One of Paris’s most notorious former brothels has been given a new lease of life as an events venue after its owners discovered a treasure trove of erotic artwork under modest wood panelling.
The building in the central 2nd arrondissement had been a maison close (brothel) known as ‘Aux Belles Poules’ (‘poules’ is a euphemism for prostitutes).
Known for erotic tableaux vivants, making it a place of erotic entertainment as well as prostitution, famous clients included writers Henry Miller and Anaïs Nin.
During the occupation the Nazis requisitioned it for their officers and Aux Belles Poules and other brothels were closed after the war.
“When I bought the place in 2011, it was for our IT business,” says owner Caroline Senot.
“The walls were lined with wood, and we knew from the deed of purchase this was because the previous owners didn’t like the original frescos but couldn’t remove them because they are protected.
“At first we didn’t care but after a year or so we became curious and decided to take a look.
“What we found was amazing and it changed everything.”
Behind the wood panelling the original painted glazed tiles were intact and there were mosaics too; a host of ‘beauties’ in a state of semi-undress were depicted frolicking with each other with fantastical creatures including a centaur and a faun looking on.
“It was like a Christmas present, and we had no hesitation. We had to renovate it. We found some photos from 1987, and a painting from the 1930s, but for the rest we had to puzzle it out and guess.
“There were mirrors on the ceilings and we even discovered some of the original tiled floors. Some parts of the frescos were damaged and had to be replaced.
“It took three years, and we were accompanied throughout by the heritage protection body the Bâtiments de France.”
The restoration has been successful although the venue now has discreet modern facilities including electricity, modern sound and lighting systems and free wifi.
Ms Senot says her original aim was to do something cultural, possibly linked to the history of Paris prostitution, but as the idea took shape she saw it would be perfect for burlesque performances.
“Also, I love organising events, so I realised it would be a great venue for all kinds of private and corporate events, so it’s become my full-time job.”
Aux Belles Poules is now used for office parties, birthday celebrations, and film shoots. “It’s very evocative and inspiring,” says Ms Senot.
Capital once had 200 houses of ill-repute
Brothels were banned from the centre of Paris during the reign of Louis IX, so they established themselves along the banks of the Seine.

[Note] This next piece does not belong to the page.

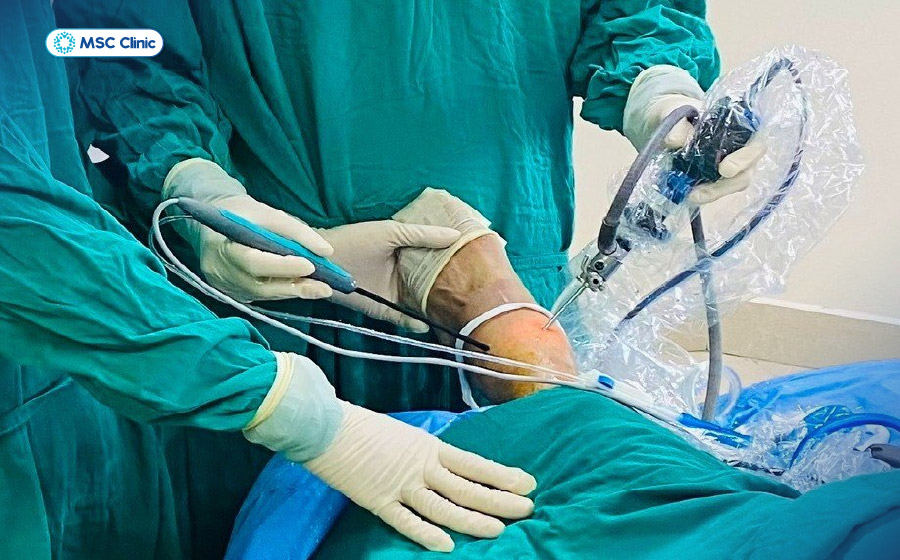 Viêm khớp mắt cá chân-13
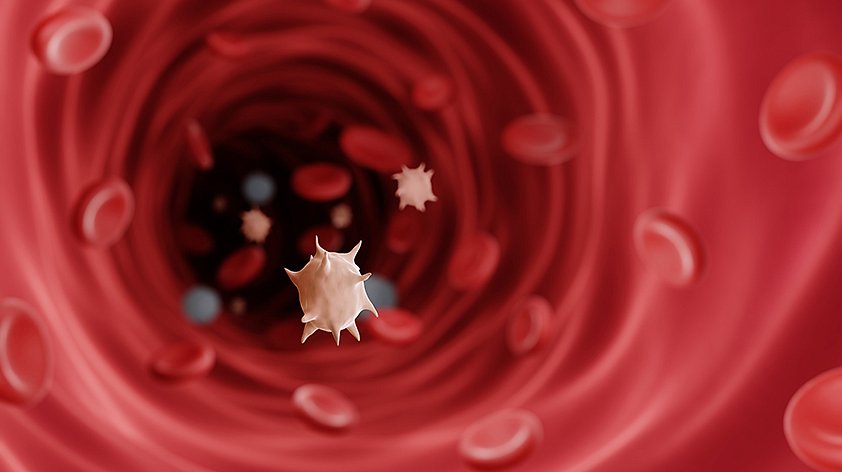 Тромбоцитопения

Being aux bords d’eau (beside the water) they were called bordiaux and the women who worked in them were called filles bordelières from which derived the name ‘bordel’ to describe a brothel.

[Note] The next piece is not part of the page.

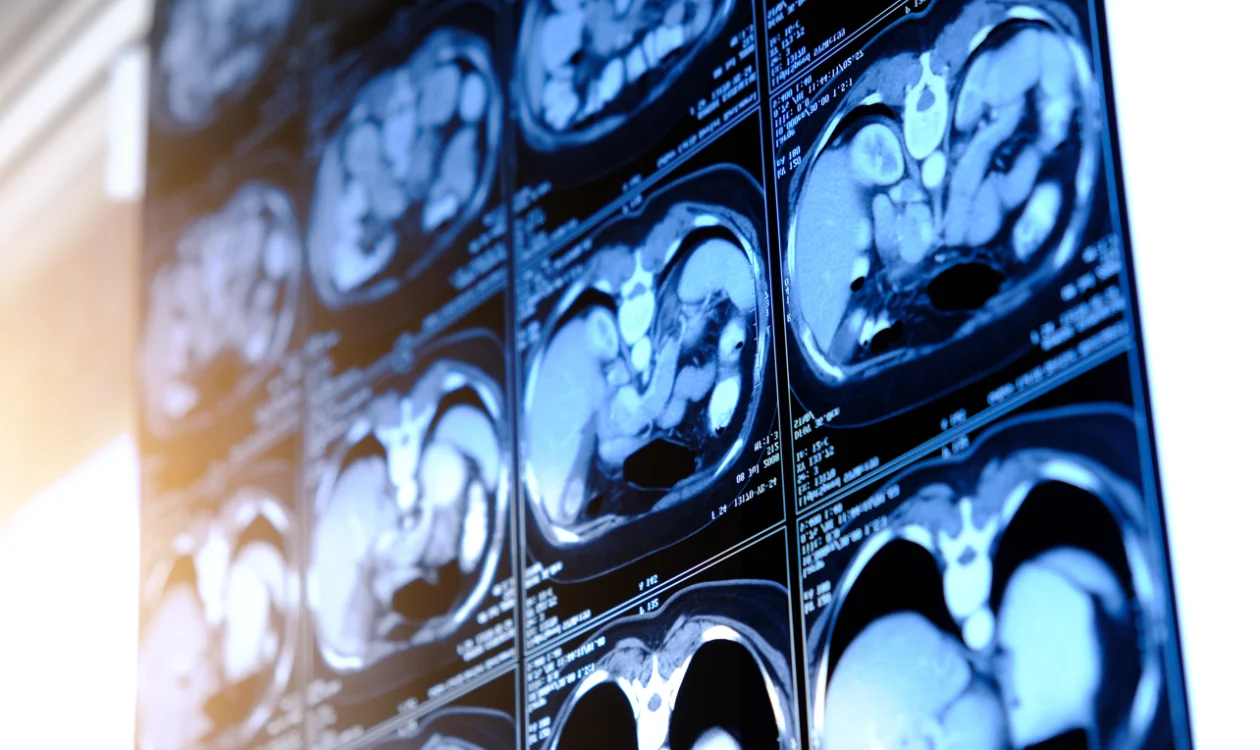 Screen of kidney scans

They were referred to as maisons closes because their shutters and curtains had to be permanently closed so the interiors – and in particular the interior activities – could not be seen from the street.
By the 19th century 200 brothels were officially registered in Paris, and just after the turn of the century, a new wave of luxurious ones opened their doors including the ‘One Two Two’ named after its address at 122 Rue de Provence, just behind the department store Galeries Lafayette.
Others included the Sphinx, the Chabanais, and the Etoile de Kléber, and patrons included celebrities of the day like Colette, Jean Gabin, Sacha Guitry and Marlène Dietrich.
Just after the war a prostitute-turned-politician succeeded in cleaning the city up and closing French brothels for good. The Loi Marthe Richard, passed in 1946, is still in force today.
In 2016, the Loi Najat Vallaud-Belkacem made it illegal to pay for sex in France, criminalising clients rather than the estimated 37,000 prostitutes operating in France themselves.
‘Passive soliciting’ has also been decriminalised in line with the concept that prostitutes are victims who are sexually exploited and abused by both their pimps and clients.
Fines can be issued of up to €3,750 and repeat offenders can be required to attend ‘awareness courses’ to educate them about the true nature of prostitution. More than 1,000 people have been fined and several dozen have attended awareness courses.